No entanto, o diferencial de Ms. Marvel está mesmo na maneira como a série representou com sensibilidade, bom humor e, por vezes, firmeza o fato de Kamala ser parte da chamada segunda geração de imigrantes. É claro que se tratando de parte considerável da identidade da personagem, a Marvel não poderia escapar de retratar a dualidade de nascer e crescer nos Estados Unidos, enquanto mantém tradições paquistanesas. Mas é surpreendente como o estúdio a abraçou por inteiro, em todas as suas formas, e a tornou parte integral da sua trama, seja com um número de dança à la Bollywood, abrindo as portas de uma mesquita para o público mainstream ou literalmente questionando a versão para inglês ver de como transcorreu a Partição. É uma abordagem, em muitos sentidos, educativa, mas não de modo pedante ou documental. É, na realidade, a materialização de como esse tipo de retrato é raro nas produções ocidentais de grande alcance, e como pode ser também enriquecedor, inclusive do ponto de vista estético. Nesse sentido, vale dizer, Ms. Marvel oferece uma saída colorida e lúdica para o cinza decepcionante que domina a Marvel nessa fase 4, pertinente a qualquer história dominada por alunos do Ensino Médio — até porque Ms. Marvel é tão série teen, quanto é uma história de origem clássica de herói, e por isso sua experimentação com quê de A Família Mitchell e a Revolta das Máquinas foi tão bem-vinda.
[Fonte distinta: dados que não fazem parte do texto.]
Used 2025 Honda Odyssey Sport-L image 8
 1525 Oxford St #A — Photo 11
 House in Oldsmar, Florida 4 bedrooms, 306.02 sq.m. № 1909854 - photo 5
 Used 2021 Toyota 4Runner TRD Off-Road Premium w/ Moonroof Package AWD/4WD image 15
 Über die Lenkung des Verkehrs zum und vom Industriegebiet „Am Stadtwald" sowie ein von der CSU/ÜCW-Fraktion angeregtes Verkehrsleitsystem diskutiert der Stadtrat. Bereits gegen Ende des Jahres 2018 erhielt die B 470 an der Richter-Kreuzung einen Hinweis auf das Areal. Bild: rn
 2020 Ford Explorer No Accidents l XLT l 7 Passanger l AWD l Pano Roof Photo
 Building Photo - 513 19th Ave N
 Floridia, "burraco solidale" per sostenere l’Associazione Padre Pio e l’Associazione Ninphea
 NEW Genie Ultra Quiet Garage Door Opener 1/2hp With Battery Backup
Com Kamala livre para aprender por conta própria — e, portanto, sem estar à sombra de ninguém como certo Peter Parker (Tom Holland) —, ao mesmo tempo que tem crushes e descobre o mundo longe do conforto do colo dos pais, Ms. Marvel funciona, de fato, como a introdução da heroína ao universo cinematográfico e aquece organicamente para sua volta num futuro próximo. O seriado é perfeito? Não, longe disso. Mas, por mais que seu conflito central funcione mais enquanto conceito do que propriamente na sua construção, a série lembra o espectador que ser super, embora tão lugar-comum hoje em dia, ainda pode ser divertido. Basta ser original e priorizar o que a Marvel já fez tão bem: focar no lado humano dos seus ídolos.